Başbakan Erdoğan, 11.5 yılda, 3 genel seçim, 3 mahallî seçim ve 2 referandum olmak üzere millet iradesinin karşısına 8 defa çıktı. Erdoğan ve AK Parti, her defasında büyük seçim zaferleri kazandı. Recep Tayyip Erdoğan'ın 30 Mart Seçimleri ile kazandığı son zaferi, Türk Milleti'nin basiretini ve O'nun inkâr edilmez muvaffakiyetini göstermektedir.
Demokrasi tarihimizde bu kadar başarılı bir siyasî iktidar ve böylesine güçlü bir lider görülmemiştir. Dünya siyasî tarihinde de bu derece başarılı bir lider olduğunu zannetmiyorum.

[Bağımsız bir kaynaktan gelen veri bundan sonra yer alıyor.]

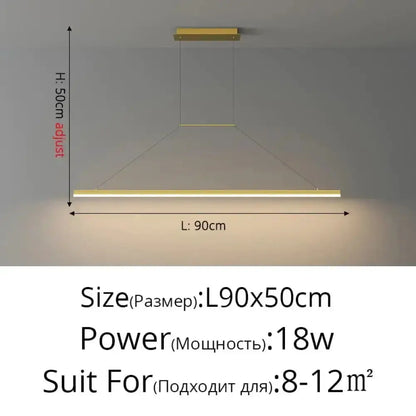 Pendant light Decorbites black minimalist LED for dining room, 90cm long, adjustable height 50cm on Tampa Home & Garden Store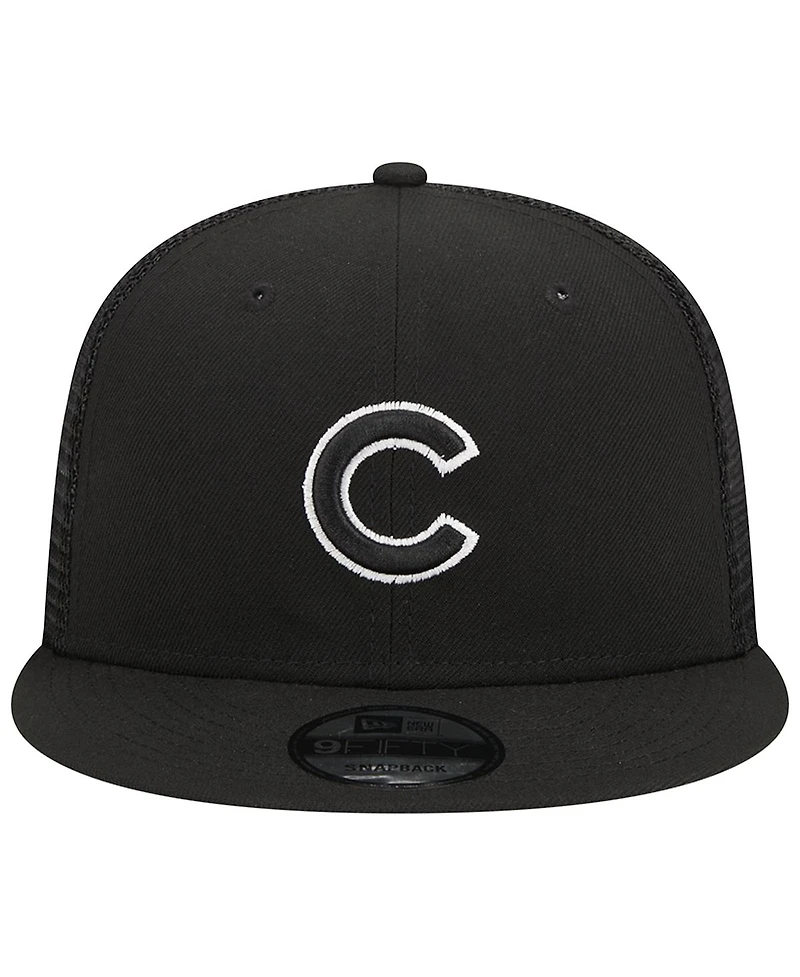 Men's New Era Black Chicago Cubs Trucker 9FIFTY Snapback Hat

Bence Erdoğan'ın ve AK Parti'nin en büyük zaferi, 30 Mart 2014 zaferi olarak siyaset tarihimize yazılmıştır.
Açıkçası 30 Mart, normal bir seçim zaferi değildir. Bu seçimler, muhalefet tarafından iç ve dış odakların komplolarıyla düzenlenmiş saldırıların 'millî irade' duvarına toslaması neticesinde kazanılmış ve Türkiye çok büyük bir tehlikenin eşiğinden dönmüştür.
***
CHP ve
MHP başta olmak üzere muhalefetin, devlet içine sızmış yapılanmaların, yalan makinesi medyanın 2.5 ay müddetle yürüttüğü iftira kampanyaları ve yolsuzluk iddiaları, büyük milletimiz tarafından tasvip edilmemiş ve tersine tepmiştir.
Hele
Türkmenlere yardım götüren
MİT TIR'larının yolunun kesilmesi ve son üç günde devlet sırrı mahiyetindeki görüşme kayıtlarının tahrif edilerek yayınlanması,
'vatana ihanet'i açıkça sergilemiştir.
Bu seçimler,
Türkiye için bir varlık- yokluk meselesiydi. Eğer
AK Parti İktidarı ve
Başbakan Erdoğan çökertilmiş olsaydı.
Türkiye'de siyasî ve iktisadî istikrar bozulacak,
'Hedef 2023' ve
'Yeni Türkiye'ye giden yollar tıkanacak; neticede
Türkiye'nin gelişmesinin ve büyümesinin önüne set çekilecekti.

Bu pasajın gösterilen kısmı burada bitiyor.